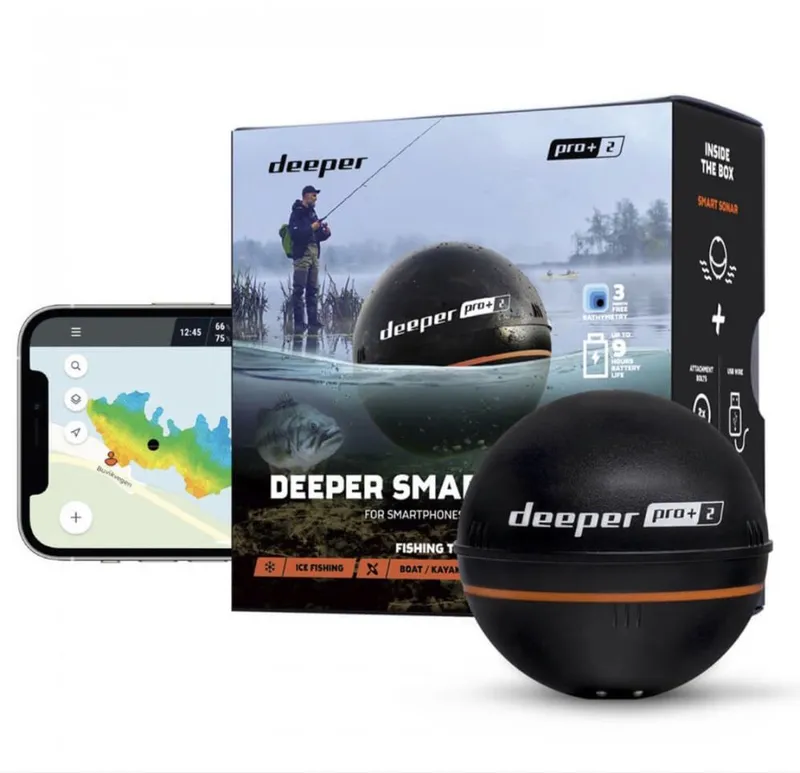 Deeper Sonar Pro Plus 2 эхолот сонар — фото 1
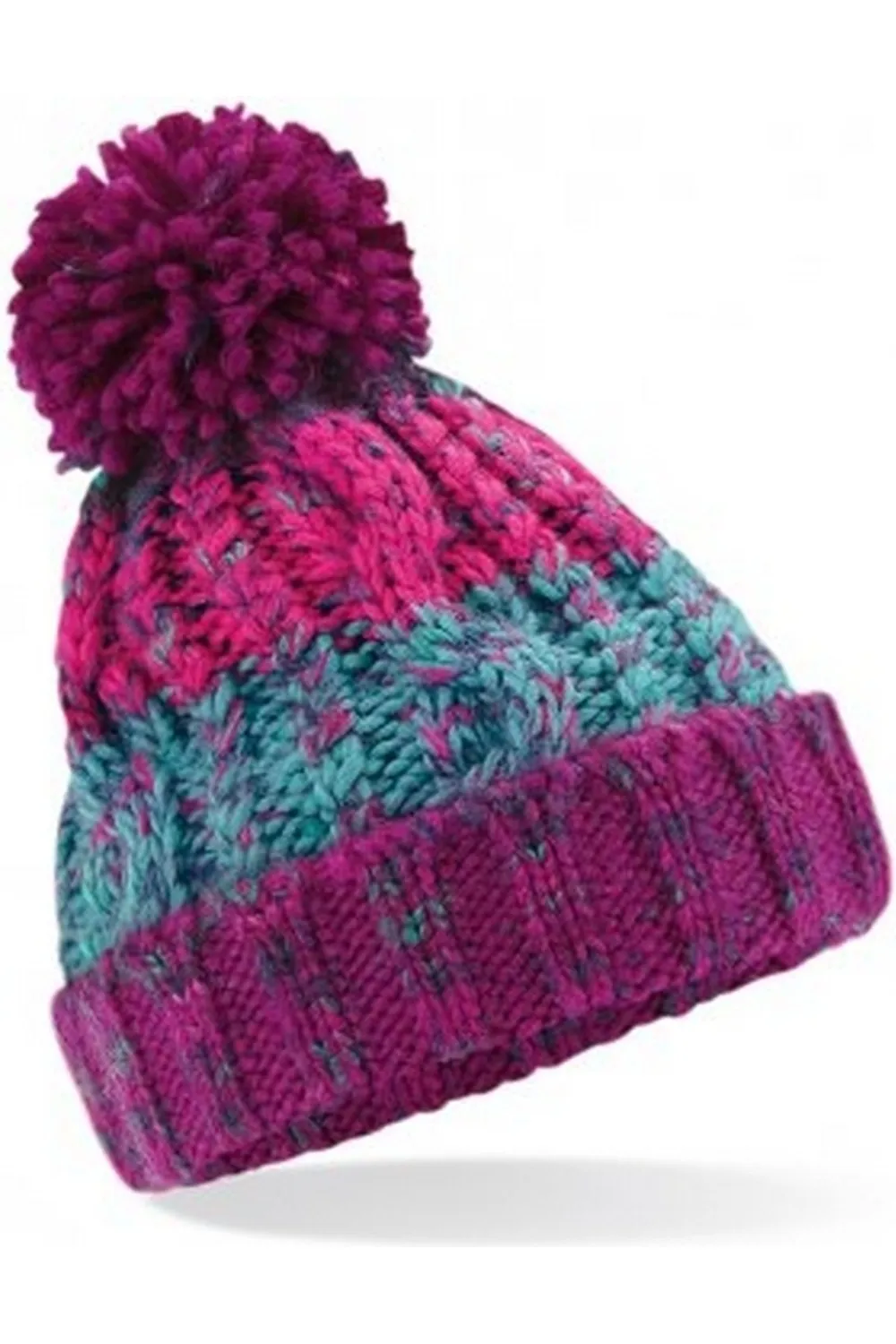 Corkscrew Pom Pom Beanie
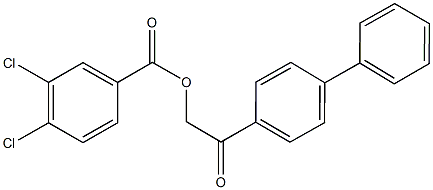 2-[1,1'-biphenyl]-4-yl-2-oxoethyl 3,4-dichlorobenzoate|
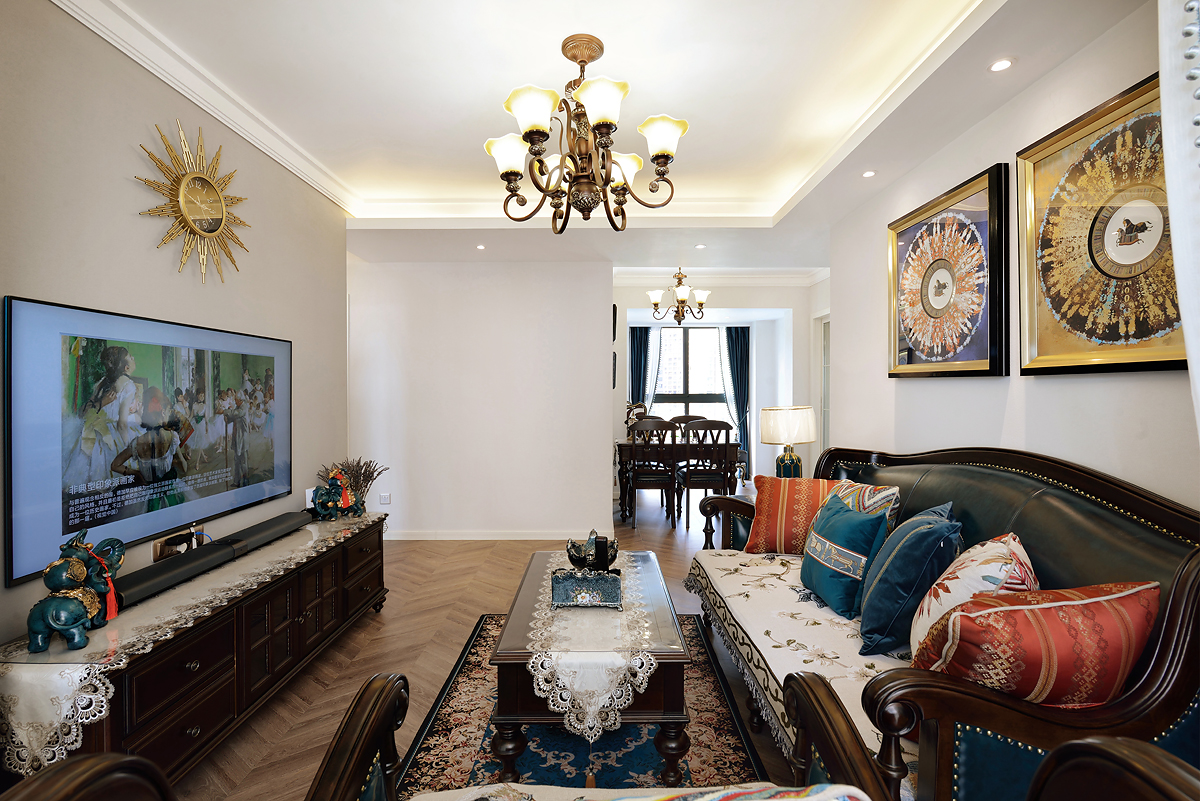 80㎡美式復古兩居，古典精致帶你回到淘金時代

+ + + +

Activity ->
Would you transcribe all of the data exactly, apart from its pictures?

Your response ->
 Deeper Sonar Pro Plus 2 эхолот сонар — фото 1
 Corkscrew Pom Pom Beanie
 2-[1,1'-biphenyl]-4-yl-2-oxoethyl 3,4-dichlorobenzoate|
 80㎡美式復古兩居，古典精致帶你回到淘金時代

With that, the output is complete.